In a sense, these demonstration projects are an attempt to build on seven existing medical liability projects proposed by the Obama administration last year and funded in June of this year by the Patient Safety and Medical Liability Initiative.

Those seven projects have the same goal as the demonstration projects called for in the health care reform legislation: develop alternatives to the current tort system to allow resolution of disputes about injuries allegedly caused by physicians and other health care providers.

Unlike the projects funded by the Patient Safety and Medical Liability Initiative, however, Congress has not yet appropriated funding for these new demonstration projects. Without funding, the net effect of the projects will be nil, said Mello. Even with funding, the demonstration projects will be inhibited by rules and regulations that could greatly diminish their effectiveness.

According to the law, only states can receive funding for the demonstration projects, and the projects cannot retract or modify a patient's existing remedies of state law, which is a major limitation, according to Mello.

"It means you cannot abridge the right of a patient to go to court," she explained. "You can't experiment with administrative compensation. You can't impose a limitation on the damages that a patient could be eligible for under state law. You can't do anything that leaves the patient in a different position legally than he or she was in before the demonstration project went into effect."

In the final analysis, the demonstration projects represent "a voluntary type of reform," said Mello. "There is always the possibility of someone coming up with a brilliant idea that no one has thought of and that would not run afoul of the (demonstration rules). But it certainly seems that the prospects for far-reaching experiments with reform are pretty circumscribed."

Debate Creates Impasse

Mello knows about the costs associated with the current medical liability system. She, along with several colleagues, undertook a study of the current medical liability system that was published in the Sept. 1 Health Affairs. The study analyzed various components of the medical liability system, such as payments made to malpractice plaintiffs, defensive medicine costs, administrative costs, and the cost of lost physician and provider work time.

The researchers found that the annual cost of the medical malpractice system is $55.6 billion in 2008 dollars, or 2.4 percent of annual health care spending. According to Mello, costs consist of four components: indemnity payments; administrative expenses; defensive medicine costs and other expenses, such as lost physician work time.

The study found that defensive medicine costs comprise the biggest part of medical liability costs, at nearly $46 billion a year. Defensive medicine is defined as patient management practices undertaken by physicians to minimize the likelihood of malpractice litigation.

National Perspective

However, fixing the medical liability system from a national perspective is not an easy task, according to AAFP President Roland Goertz, M.D., M.B.A., of Waco, Texas. He noted that tort reform typically is a state issue, not a federal one, and states don't agree on how to address it. As a result, medical liability laws have been applied unevenly across the states, creating added frustrations for family physicians.
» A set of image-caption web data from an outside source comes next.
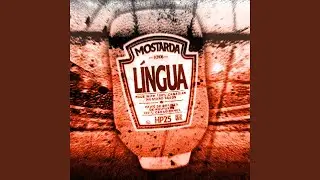 L&Iacute;NGUA MOSTARDA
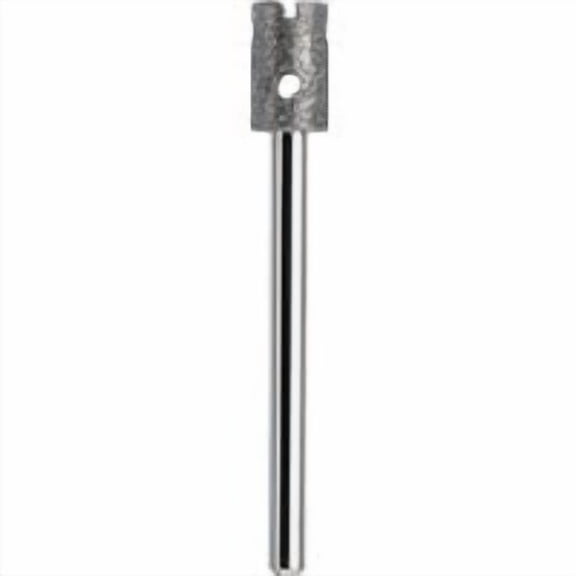 Dremel Diamond Glass Drilling Bit, Case of 8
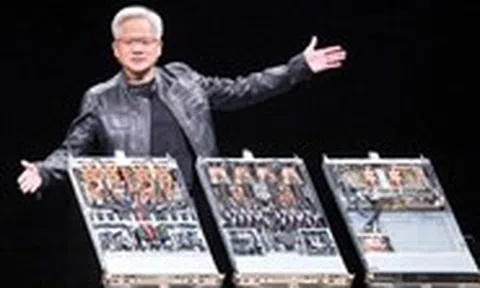 Nvidia sẵn sàng trở lại thị trường Trung Quốc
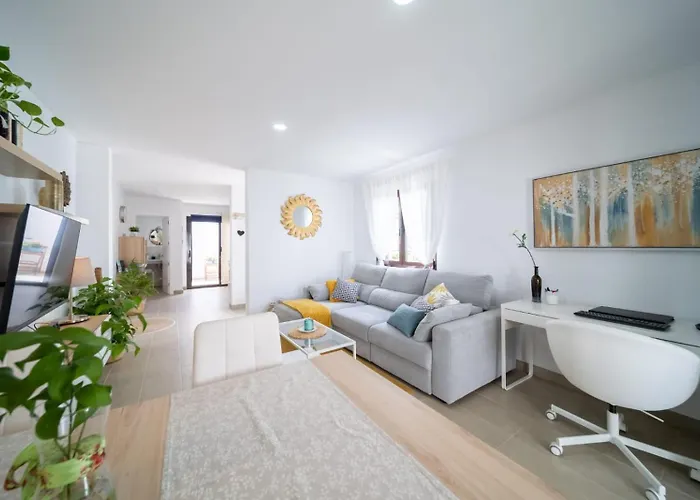 Casa De Belges Βίλα Yaiza (Lanzarote)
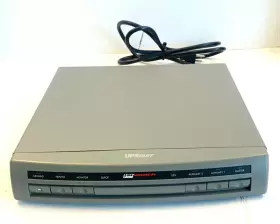 13190611 Sl Waber Vintage Upstart Power Supply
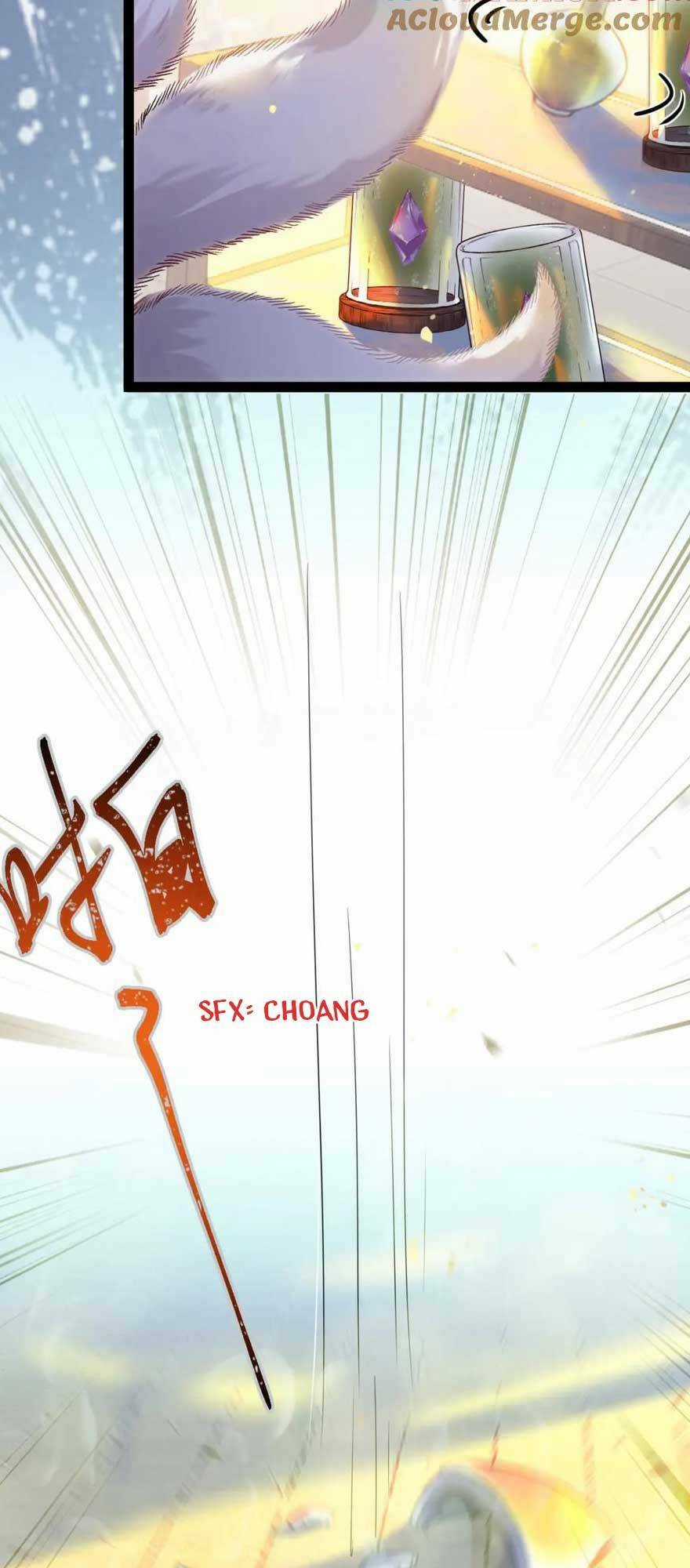 Nghịch Đồ Mỗi Ngày Đều Muốn Bắt Nạt Sư Phụ Chapter 114 trang 22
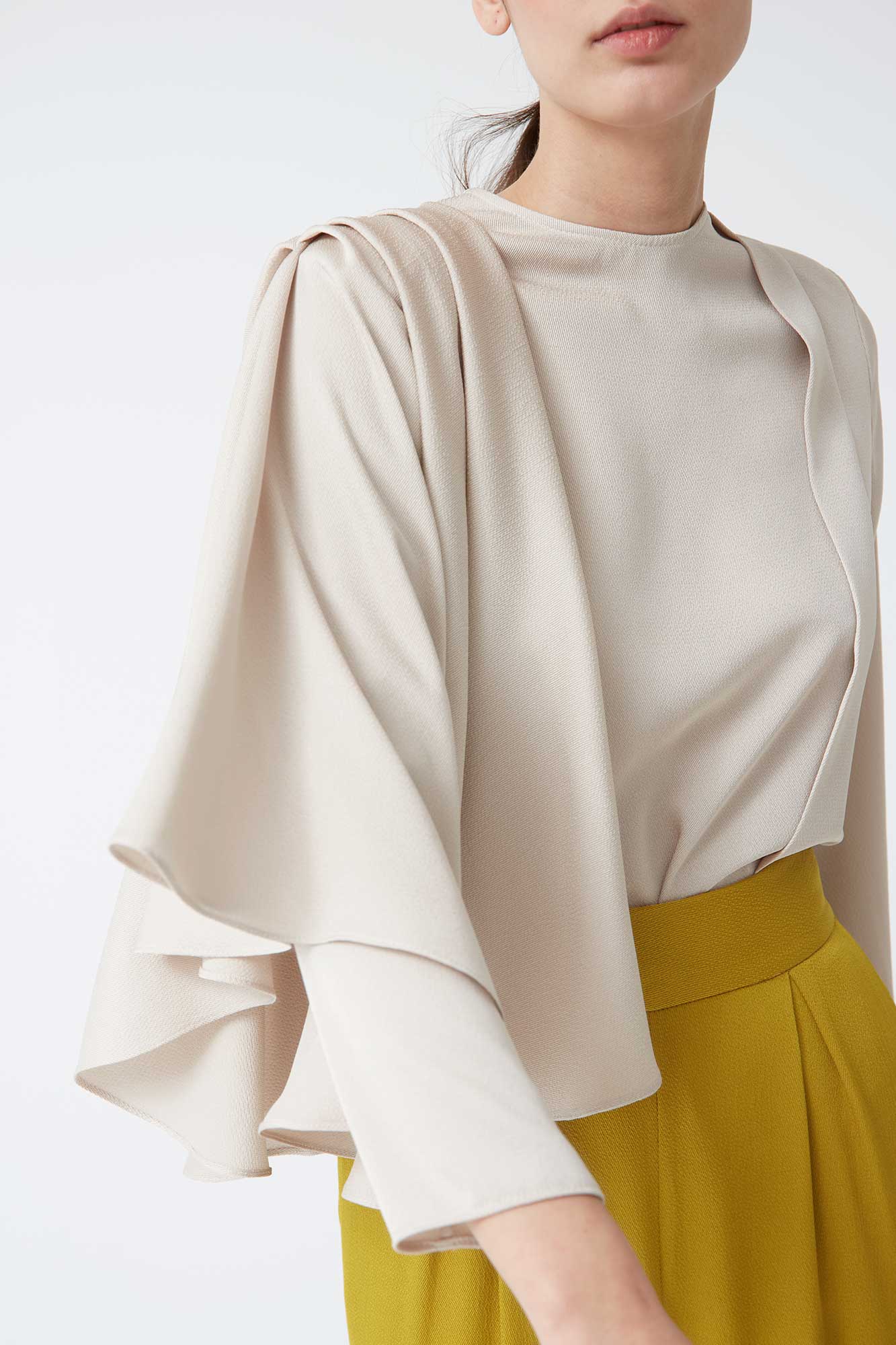 BLUSA FABRIZIOCRUDO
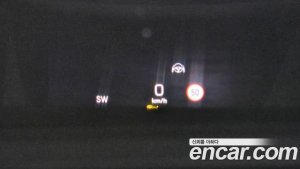 Mercedes-Benz GLC-Class GLC300e 4MATIC 2021 года из Южной Кореи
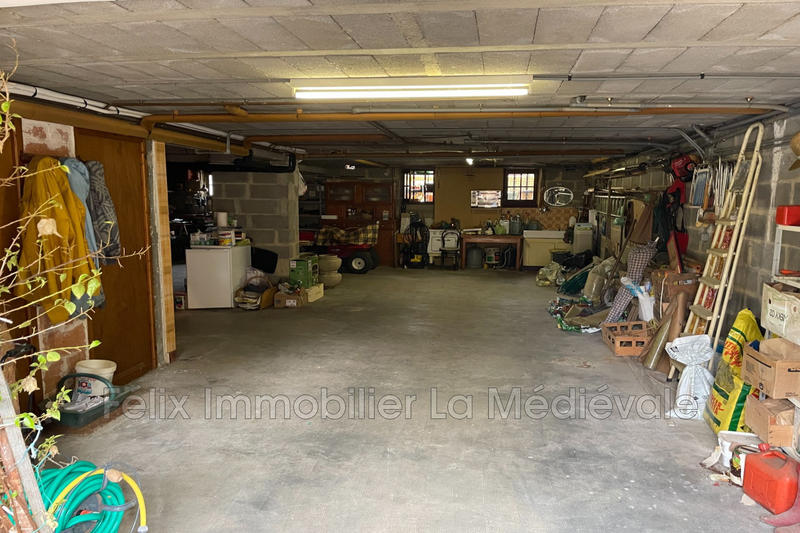 Maison - 144 m² - 7 pièces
"There are some states that have very lawyer-friendly laws pertaining to torts and, particularly, medical liability," said Goertz in an interview with AAFP News Now. "There are other states, like Texas, that have tighter medical liability tort law."
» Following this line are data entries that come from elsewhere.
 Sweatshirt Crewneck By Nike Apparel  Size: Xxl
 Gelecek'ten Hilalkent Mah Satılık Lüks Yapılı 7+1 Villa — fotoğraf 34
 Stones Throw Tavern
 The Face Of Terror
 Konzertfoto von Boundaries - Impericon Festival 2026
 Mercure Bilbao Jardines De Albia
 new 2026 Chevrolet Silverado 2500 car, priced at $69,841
The AAFP has long pushed for a medical liability system that protects both physicians and patients. "It needs to be fair to the patient," said Goertz. "It needs to be fair to the physician, and ... it needs to be based on fact." In addition when awarded, compensation needs to go predominantly to the patient.

The creation of such a system may require the establishment of national minimal standards, Goertz said, adding that the AAFP is pushing for just such a policy.